While experimenting with another tunnel built on KCP and smux, I discovered that performance could be greatly increased by increasing the size of smux buffers. It's likely that doing the same can also improve performance in Snowflake.
There are two relevant parameters, MaxReceiveBuffer and MaxStreamBuffer. MaxStreamBuffer seems to be the most important one to increase.
https://pkg.go.dev/github.com/xtaci/smux#Config // MaxReceiveBuffer is used to control the maximum // number of data in the buffer pool MaxReceiveBuffer int
// MaxStreamBuffer is used to control the maximum // number of data per stream MaxStreamBuffer int
The default values are 4 MB and 64 KB. https://github.com/xtaci/smux/blob/eba6ee1d2a14eb7f86f43f7b7cb3e44234e13c66/... MaxReceiveBuffer: 4194304, MaxStreamBuffer: 65536,
kcptun, a prominent KCP/smux tunnel, has defaults of 4 MB (--smuxbuf) and 2 MB (--streambuf) in both client and server: https://github.com/xtaci/kcptun/blob/9a5b31b4706aba4c67bcb6ebfe108fdb564a905...
In my experiment, I changed the values to 4 MB / 1 MB on the client and 16 MB / 1 MB on the server. This change increased download speed by about a factor of 3: default buffers 477.4 KB/s enlarged buffers 1388.3 KB/2 Values of MaxStreamBuffer higher than 1 MB didn't seem to have much of an effect. 256 KB did not help as much.
My guess, based on intuition, is that on the server we should set a large value of MaxReceiveBuffer, as it is a global limit shared among all clients, and a relatively smaller value of MaxStreamBuffer, because there are expected to be many simultaneous streams. On the client, don't set MaxReceiveBuffer too high, because it's on an end-user device, but go ahead and set MaxStreamBuffer high, because there's expected to be only one or two streams at a time.
I discovered this initially by temporarily settings smux to protocol v1 instead of v2. My understanding is that v1 lacks some kind of receive window mechanism that v2 has, and by default is more willing to expend memory receiving data. See "Per-stream sliding window to control congestion.(protocol version 2+)": https://pkg.go.dev/github.com/xtaci/smux#readme-features
Past performance ticket: "Reduce KCP bottlenecks for Snowflake" https://gitlab.torproject.org/tpo/anti-censorship/pluggable-transports/snowf...
On 2021-06-30 8:43 p.m., David Fifield wrote:
While experimenting with another tunnel built on KCP and smux, I discovered that performance could be greatly increased by increasing the size of smux buffers.
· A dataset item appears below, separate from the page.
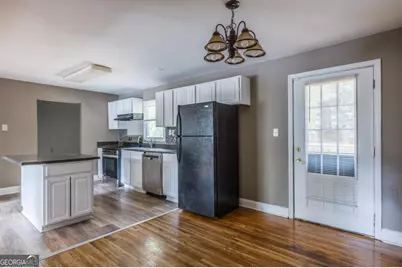 2833 Cardo Drive NW, Atlanta, GA 30318 - Photo 4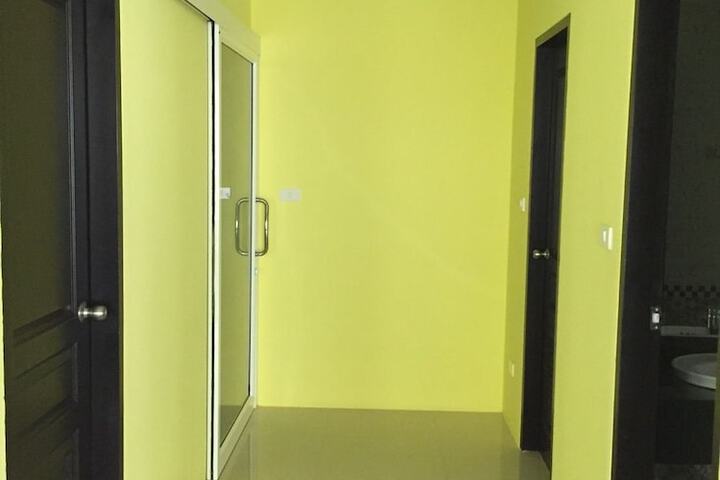 Room 53 of 105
It's likely that doing the same can also improve performance in Snowflake.
There are two relevant parameters, MaxReceiveBuffer and MaxStreamBuffer. MaxStreamBuffer seems to be the most important one to increase.
https://pkg.go.dev/github.com/xtaci/smux#Config // MaxReceiveBuffer is used to control the maximum // number of data in the buffer pool MaxReceiveBuffer int
// MaxStreamBuffer is used to control the maximum // number of data per stream MaxStreamBuffer int
The default values are 4 MB and 64 KB. https://github.com/xtaci/smux/blob/eba6ee1d2a14eb7f86f43f7b7cb3e44234e13c66/... MaxReceiveBuffer: 4194304, MaxStreamBuffer: 65536,
kcptun, a prominent KCP/smux tunnel, has defaults of 4 MB (--smuxbuf) and 2 MB (--streambuf) in both client and server: https://github.com/xtaci/kcptun/blob/9a5b31b4706aba4c67bcb6ebfe108fdb564a905...
In my experiment, I changed the values to 4 MB / 1 MB on the client and 16 MB / 1 MB on the server. This change increased download speed by about a factor of 3: default buffers 477.4 KB/s enlarged buffers 1388.3 KB/2 Values of MaxStreamBuffer higher than 1 MB didn't seem to have much of an effect. 256 KB did not help as much.
My guess, based on intuition, is that on the server we should set a large value of MaxReceiveBuffer, as it is a global limit shared among all clients, and a relatively smaller value of MaxStreamBuffer, because there are expected to be many simultaneous streams. On the client, don't set MaxReceiveBuffer too high, because it's on an end-user device, but go ahead and set MaxStreamBuffer high, because there's expected to be only one or two streams at a time.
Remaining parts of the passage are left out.